Joachim Low’s exciting young Germany team overcame Mexico 4-1 on Thursday to set up a re-match with Chile in the Confederations Cup final.
An early two-minute brace from Bayern Munich target Leon Goretzka saw Germany take control of the semi-final in Sochi, where Mexico refused to give up but struggled to cope with the energy and quality of a side derided by many before the tournament as disrespectfully inexperienced.
Rather than find themselves out of their depth in Russia, Low’s raw squad have instead served to make a statement of the ominous depth of talent beyond the first-choice ranks of the world champions, typified by striker Timo Werner, who struck his team’s third goal shortly before the hour mark. Marco Fabian’s blistering late free-kick mattered little for Mexico, a fact hammered home when Amin Younes restored Germany’s three-goal cushion in added time.
Germany will now tackle Chile for the second time in the tournament in the decider in St Petersburg on Sunday.

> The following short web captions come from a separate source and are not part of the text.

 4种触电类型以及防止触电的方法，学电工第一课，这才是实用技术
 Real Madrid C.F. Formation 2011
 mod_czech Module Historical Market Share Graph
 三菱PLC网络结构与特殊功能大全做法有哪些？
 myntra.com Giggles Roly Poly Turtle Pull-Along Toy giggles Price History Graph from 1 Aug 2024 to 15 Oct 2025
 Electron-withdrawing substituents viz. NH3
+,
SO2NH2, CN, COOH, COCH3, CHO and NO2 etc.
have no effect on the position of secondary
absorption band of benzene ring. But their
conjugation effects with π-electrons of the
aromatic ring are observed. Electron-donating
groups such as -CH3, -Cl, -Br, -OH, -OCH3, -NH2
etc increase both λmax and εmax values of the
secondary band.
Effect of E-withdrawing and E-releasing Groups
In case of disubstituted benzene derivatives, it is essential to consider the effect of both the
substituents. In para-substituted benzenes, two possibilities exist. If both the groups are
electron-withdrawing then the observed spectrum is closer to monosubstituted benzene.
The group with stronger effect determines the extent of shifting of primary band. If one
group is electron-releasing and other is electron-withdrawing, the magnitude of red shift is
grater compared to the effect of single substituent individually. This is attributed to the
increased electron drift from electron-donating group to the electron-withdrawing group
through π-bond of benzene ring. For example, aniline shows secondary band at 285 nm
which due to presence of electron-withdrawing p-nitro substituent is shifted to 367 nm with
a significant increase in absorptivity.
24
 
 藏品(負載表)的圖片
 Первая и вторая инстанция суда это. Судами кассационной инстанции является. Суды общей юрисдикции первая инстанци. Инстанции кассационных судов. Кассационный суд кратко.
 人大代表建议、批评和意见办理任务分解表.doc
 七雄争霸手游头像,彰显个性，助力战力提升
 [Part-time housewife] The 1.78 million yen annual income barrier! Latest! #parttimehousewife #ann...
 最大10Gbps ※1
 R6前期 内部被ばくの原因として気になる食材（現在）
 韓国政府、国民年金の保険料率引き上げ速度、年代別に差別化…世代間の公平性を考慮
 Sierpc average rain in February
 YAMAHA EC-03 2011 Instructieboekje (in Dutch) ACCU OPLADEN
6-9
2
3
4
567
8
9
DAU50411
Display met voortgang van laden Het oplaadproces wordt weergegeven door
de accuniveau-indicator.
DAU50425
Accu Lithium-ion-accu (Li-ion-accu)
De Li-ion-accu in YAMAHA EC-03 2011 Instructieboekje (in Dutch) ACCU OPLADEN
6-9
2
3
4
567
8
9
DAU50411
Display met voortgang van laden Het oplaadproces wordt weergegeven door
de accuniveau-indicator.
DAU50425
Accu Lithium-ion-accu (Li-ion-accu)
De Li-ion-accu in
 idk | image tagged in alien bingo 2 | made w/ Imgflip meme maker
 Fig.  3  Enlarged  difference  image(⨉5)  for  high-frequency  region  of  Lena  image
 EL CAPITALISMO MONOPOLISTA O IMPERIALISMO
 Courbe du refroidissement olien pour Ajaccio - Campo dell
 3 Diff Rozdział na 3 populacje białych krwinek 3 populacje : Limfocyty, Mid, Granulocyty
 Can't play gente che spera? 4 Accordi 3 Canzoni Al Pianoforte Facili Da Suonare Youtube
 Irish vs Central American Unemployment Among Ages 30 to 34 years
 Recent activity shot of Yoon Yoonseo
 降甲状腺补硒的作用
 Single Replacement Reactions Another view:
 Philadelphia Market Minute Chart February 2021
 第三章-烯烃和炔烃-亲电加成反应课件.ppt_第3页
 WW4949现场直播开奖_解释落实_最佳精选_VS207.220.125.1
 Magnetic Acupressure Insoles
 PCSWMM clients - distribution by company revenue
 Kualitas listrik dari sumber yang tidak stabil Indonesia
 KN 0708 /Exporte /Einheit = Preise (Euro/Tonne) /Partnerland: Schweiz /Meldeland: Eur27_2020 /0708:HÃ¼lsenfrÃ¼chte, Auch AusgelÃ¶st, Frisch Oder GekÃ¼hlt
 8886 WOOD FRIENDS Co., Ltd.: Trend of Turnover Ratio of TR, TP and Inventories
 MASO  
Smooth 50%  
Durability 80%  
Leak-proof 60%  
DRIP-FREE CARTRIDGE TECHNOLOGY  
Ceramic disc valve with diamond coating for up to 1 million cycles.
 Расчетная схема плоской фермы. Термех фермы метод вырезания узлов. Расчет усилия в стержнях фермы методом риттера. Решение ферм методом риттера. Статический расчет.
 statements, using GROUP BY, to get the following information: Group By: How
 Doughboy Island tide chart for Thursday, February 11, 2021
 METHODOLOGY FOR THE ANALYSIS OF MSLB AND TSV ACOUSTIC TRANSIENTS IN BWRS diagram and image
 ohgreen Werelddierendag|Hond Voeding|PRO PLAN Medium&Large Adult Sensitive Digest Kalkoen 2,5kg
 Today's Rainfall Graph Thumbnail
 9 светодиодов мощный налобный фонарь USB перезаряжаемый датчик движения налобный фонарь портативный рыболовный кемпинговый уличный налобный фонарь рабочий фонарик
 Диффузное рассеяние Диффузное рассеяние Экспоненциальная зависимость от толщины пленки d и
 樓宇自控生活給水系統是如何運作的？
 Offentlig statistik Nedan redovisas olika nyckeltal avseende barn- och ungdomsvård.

The battle-hardened Copa America holders, penalty shoot-out winners over Portugal a day earlier, have been the only team to trouble Die Mannschaft’s tyros in a 1-1 group stage draw earlier this month.
A high-tempo start at Fisht Stadium saw Mexico, perhaps inadvisably, try to take the game to Germany, succeeding only in leaving themselves wide open at the back. Hector Moreno was caught out of position as Bayer Leverkusen’s Benjamin Henrichs advanced down the right before passing inside to Goretzka. The Schalke midfielder guided a well-judged first-time shot just inside the post, beyond the reach of goalkeeper Guillermo Ochoa.
Rather than heed that painful lesson, Mexico were cut apart again two minutes later, when Werner made space for himself in front of the opposition’s back four before sliding a pass in behind for Goretzka to run on to. The 22-year-old kept his cool to fire the ball across Ochoa and into the far side-netting. It could easily have been 3-0 in the 19th minute, when Ochoa made a good save with his knees after Werner beat the offside trap.
Mexico slowly steadied and grew into the game, calling Marc-Andre ter Stegen into action three times in quick succession soon after the half-hour mark. Brothers Giovani and Jonathan dos Santos had a shot and a header respectively on target following a clever forward pass and subsequent lay-off that sliced open Germany’s young rear guard, while Javier Hernandez poked narrowly over the bar under pressure from the on-rushing Barcelona shot-stopper. The Bayer Leverkusen striker then forced Ter Stegen to tip a dipping long-range free-kick over the bar in a strong finish to the half for Juan Carlos Osorio’s men.
Mexico threatened first in the second half through Raul Jimenez, but Germany duly asserted themselves, Werner again getting in behind a stretched defence to slide a finish agonisingly across the face of the goal under pressure from Moreno.
The RB Leipzig striker eventually got the goal his efforts deserved, as Germany put the result beyond doubt in the 59th minute. Julian Draxler was the architect this time, playing Jonas Hector into the box, where the Cologne defender squared to provide an easy finish for Werner, who could perhaps have been flagged offside for his position in the build-up to the goal.
Miguel Layun’s fierce drive in the 72nd minute needed Ter Stegen to parry the ball behind, while Jimenez crashed a header against the bar as Mexico strove for a consolation goal.
It eventually arrived in spectacular fashion, impressive substitute Fabian unleashing an extraordinary long-range free-kick to breach Germany’s determined resistance.
Low’s men could not help having the final say, though, Emre Can teeing up fellow sub Younes for his team’s fourth goal in a chaotic period of injury time.